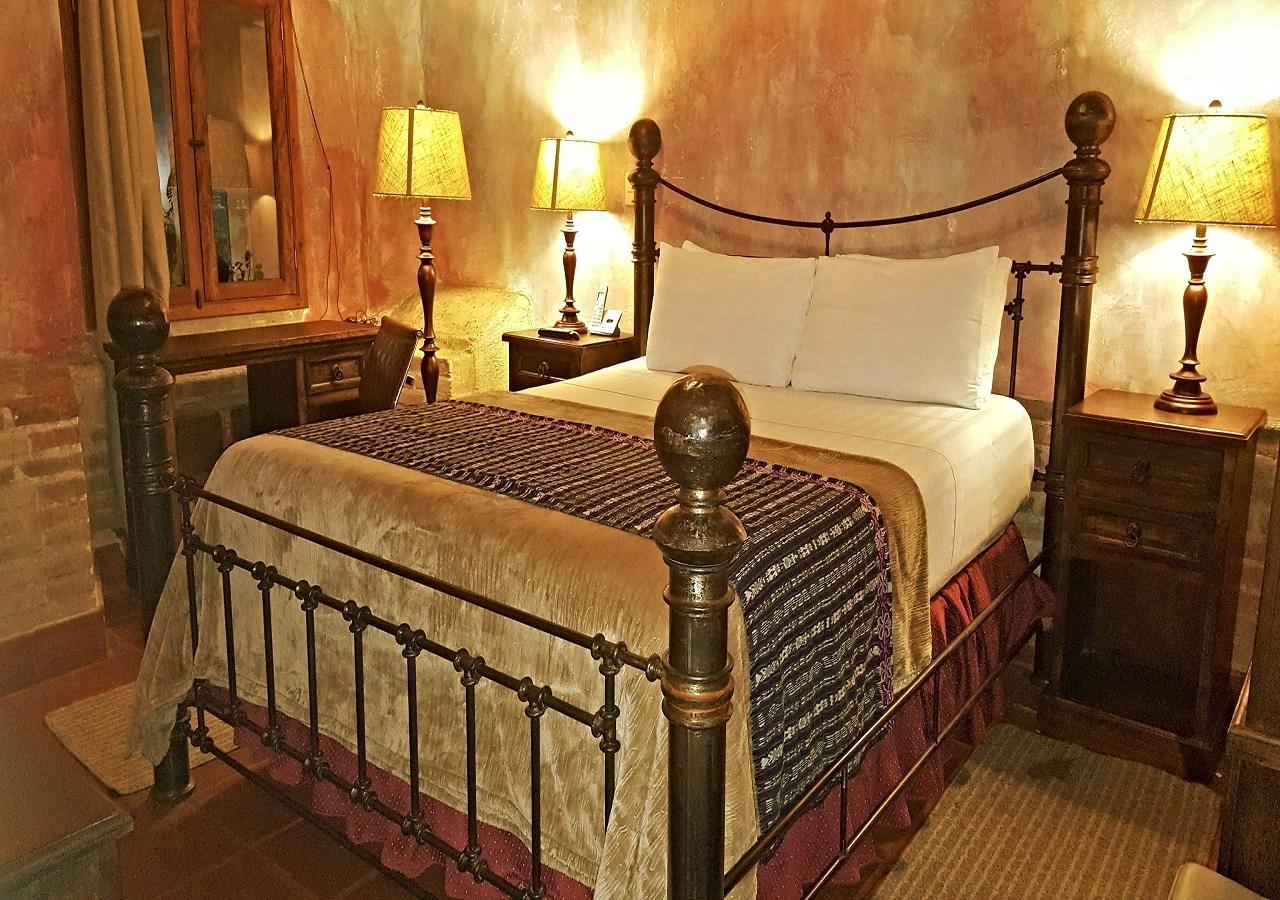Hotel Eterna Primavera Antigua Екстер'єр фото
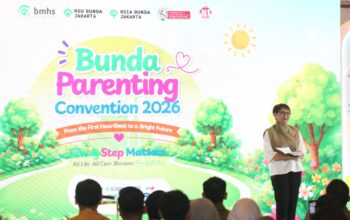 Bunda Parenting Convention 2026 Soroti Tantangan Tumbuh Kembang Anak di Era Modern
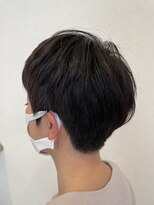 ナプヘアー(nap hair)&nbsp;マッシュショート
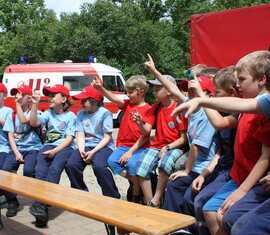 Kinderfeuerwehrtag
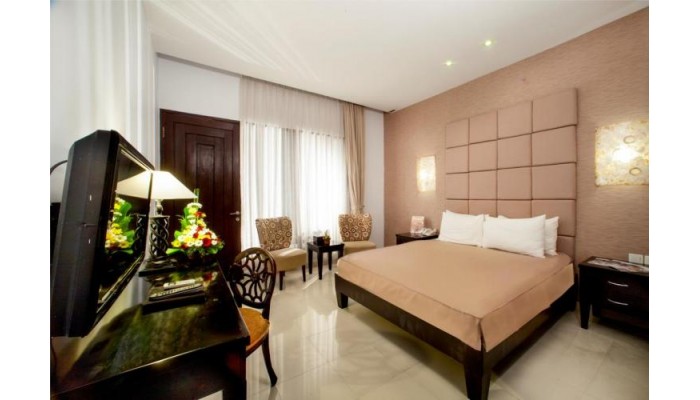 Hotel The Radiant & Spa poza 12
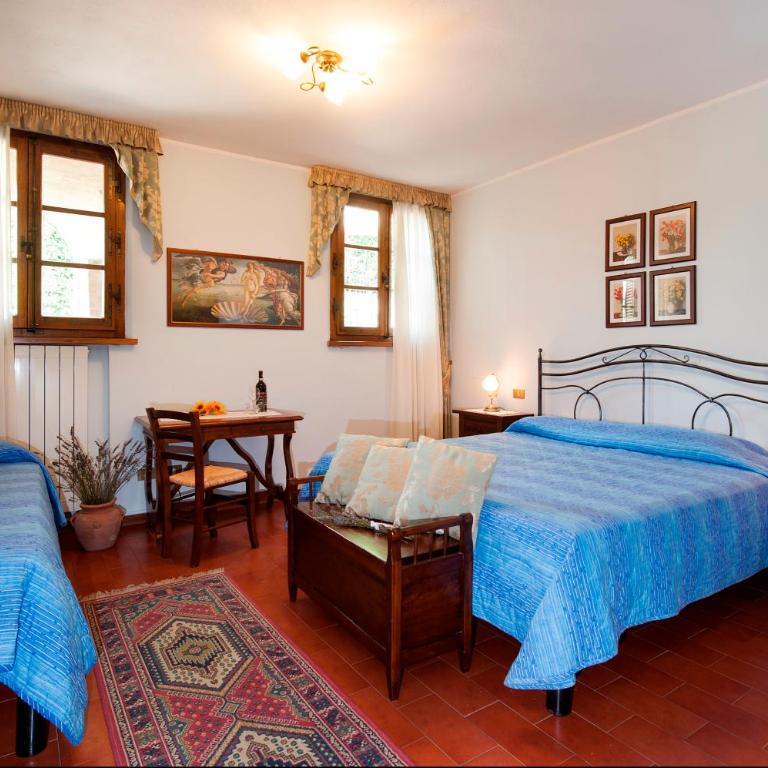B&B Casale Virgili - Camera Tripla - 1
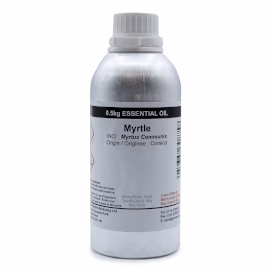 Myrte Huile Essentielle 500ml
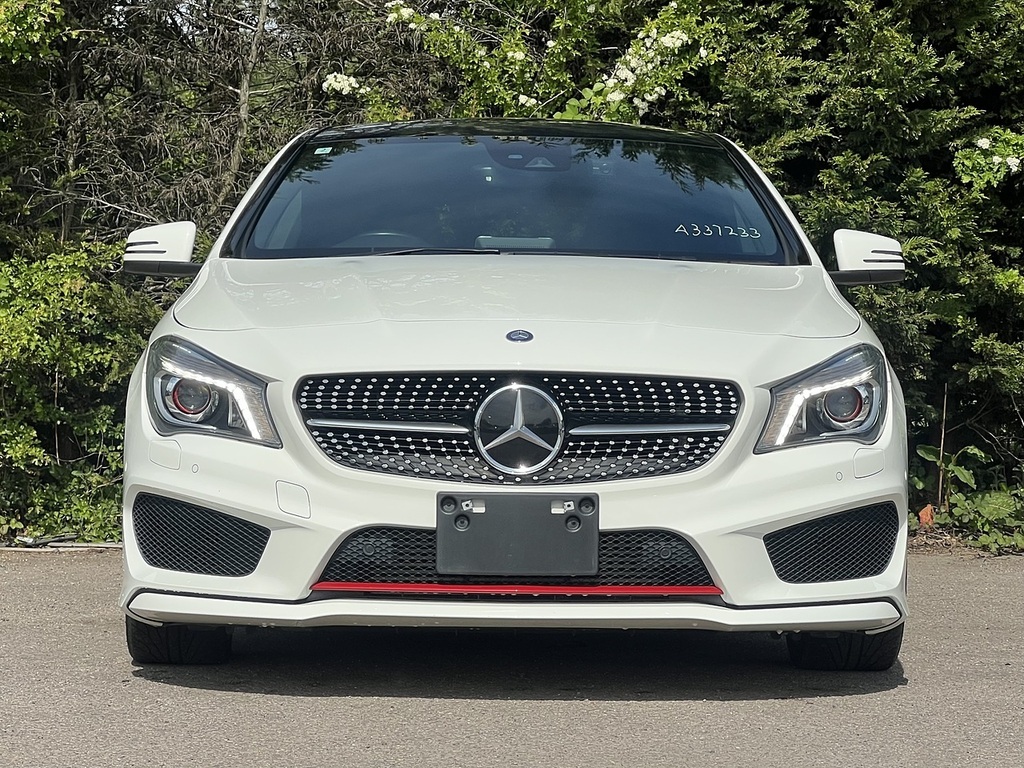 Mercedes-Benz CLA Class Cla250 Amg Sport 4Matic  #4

WORK REQUIRED. If the records include pictures, omit them and transcribe everything else exactly.

SOLUTION.
Hotel Eterna Primavera Antigua Екстер'єр фото
 Bunda Parenting Convention 2026 Soroti Tantangan Tumbuh Kembang Anak di Era Modern
 ナプヘアー(nap hair)&nbsp;マッシュショート
 Kinderfeuerwehrtag
 Hotel The Radiant & Spa poza 12
B&B Casale Virgili - Camera Tripla - 1
 Myrte Huile Essentielle 500ml
 Mercedes-Benz CLA Class Cla250 Amg Sport 4Matic  #4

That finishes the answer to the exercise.